In one fell swoop the walls between the mommy department, wife department, home owner, working woman, artist, teacher, sister, daughter, friend departments came crashing down. I had to leave the janitor keys behind. It takes too much time to lock and unlock each door to every room. I'd even taken my compartmentalizing to a whole other level—I had closets in each of those rooms—filled with costumes. I'd change my clothes every time I went in there. "See? I have a suit on. Now I'm Professional Jennifer." Actors. Sheesh.
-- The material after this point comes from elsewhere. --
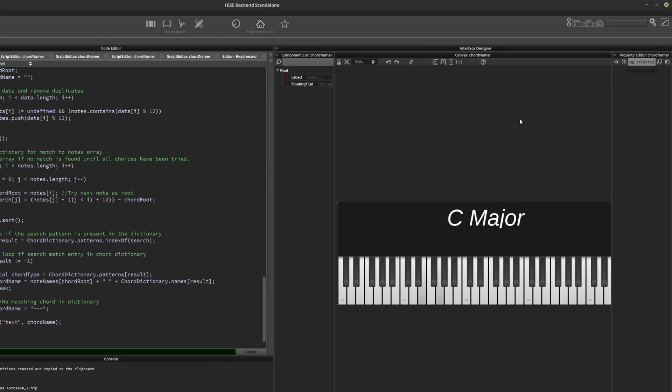It identifies it as C major. I'll play a different inversion, and it'll still say C major. And another inversion, and it'll say C major for all of them.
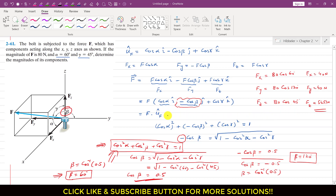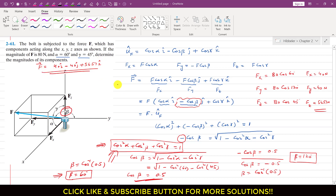To represent force F as a Cartesian vector: F = 40i − 40j + 56.57k N. The Fy has magnitude 40 but acts in the negative direction. This is the solution to this problem. The main point is: whenever a component acts in the negative direction, the corresponding cosine value (cos alpha, cos beta, or cos gamma) will be negative.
I went back to work on a Tuesday morning. I was on my hands and knees with my head in the toilet by Thursday night. My body simply can't waste time unlocking doors and changing clothes between every ball tossed in the air. Look Emy. You were right. I'm a Woman, a Person, who does many things. I'm not a paper doll. A year later it's clicked.
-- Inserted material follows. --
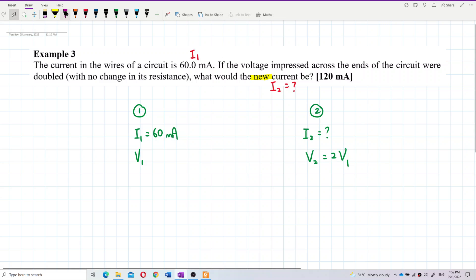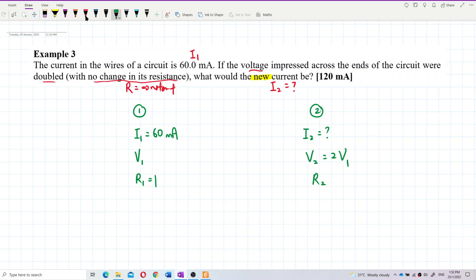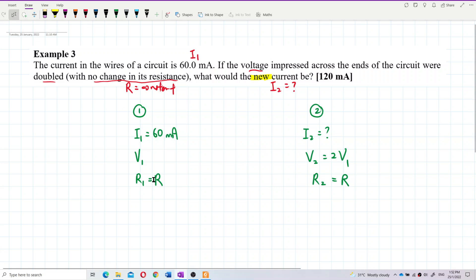However, there is no change in resistance, so resistance is considered to be constant. We can say r1 equals r2, and we can just call them both r. So r1 equals r and r2 also equals r — they have the same resistance. From here we can just use Ohm's Law.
Unfortunately for me, and most importantly, Ren, I'd set aside eating and sleeping in order to manage all of the Jennifers, one at a time. I got so dehydrated from all of the FIRSTS of the week I made myself ridiculously sick. FIRST day I went back to work; FIRST day Ren was with a sitter—Greg was back on the road; FIRST day using an electronic leech-I-mean-breast-pump; Greg and I fought so hard I slept in another room; FIRST time the car got stuck in the ice in our driveway; FIRST time I listened to another of my brother's ranting messages and realized he's truly not long for this world; FIRST time back in the director's chair for a staged reading; FIRST time I had ever had to parent, work, create, partner without hesitation. Choose and move. And then found myself having to defend my parenting, my job, my commitment to my husband, my art, and my life choices ALL AT ONCE. The first time I've ever had such a tangible and immediate example of the age-old adage: yourself first, others second. If I'm not healthy, then Ren isn't healthy. For now, I'm Ren's food source. This was a tough week. For all of us. Greg had similar challenges. Started Tuesday morning with a burst blood vessel in his eye. He looked like we all felt—beaten before we'd begun. Thank goodness for caring partners and friends. They saw us crash and helped us on our feet. Even promised to hand us water along the next leg of the marathon.
I knew there was Trouble in Triage on Thursday afternoon. Calm before the storm. All day my feet were hurting. I cursed my Texas insecurities and the society gods. "Heels." Sigh. "Don't get me started on the dichotomy of their necessity." I cursed my pregnancy and mother nature. "Heels." Sigh. "I guess my shoe size changed after all." I cursed the copy machine for being down the hall. "Heels." Sigh. "Butt in. Head tall. Don't blow out your knee over a fax." It was two o'clock. Deciding to let myself unlock the basic necessity compartment, I retreated to the bathroom for the first time since I woke at five forty-five that morning. I closed my eyes and released. A lot. "Do I have the flu?" I ignore this and look down at my favorite pair of Work Shoes and realize they hadn't seen my toes since before I became a human pea-pod. They look different. They look awkward. They look... wrong. And they were. They were on the wrong feet. HOW IS THAT EVEN POSSIBLE? That morning I had pushed on my shoes, ran out the door, down the porch stairs, across yards of ice that is our lawn and driveway, drove, crossed a parking lot, ran around from office to office, meeting to meeting for over EIGHT HOURS without realizing each shoe was on the wrong foot. I somehow created a worm hole in the Ginger Rogers metaphor. Fred Astair was great but she did everything backwards and in heels... ON THE WRONG FEET?!?! For that alone I make my case for my first fabulous Mother's Day gift.
Many lessons learned and thankfully, with little ripple effect for Ren. He's cool. He's Fonzie. I don't want my issues to wave out to Ren and make him Mr. Roper. I am woman, hear me roar. That's it. Just one thing now. Skeleton keys for me.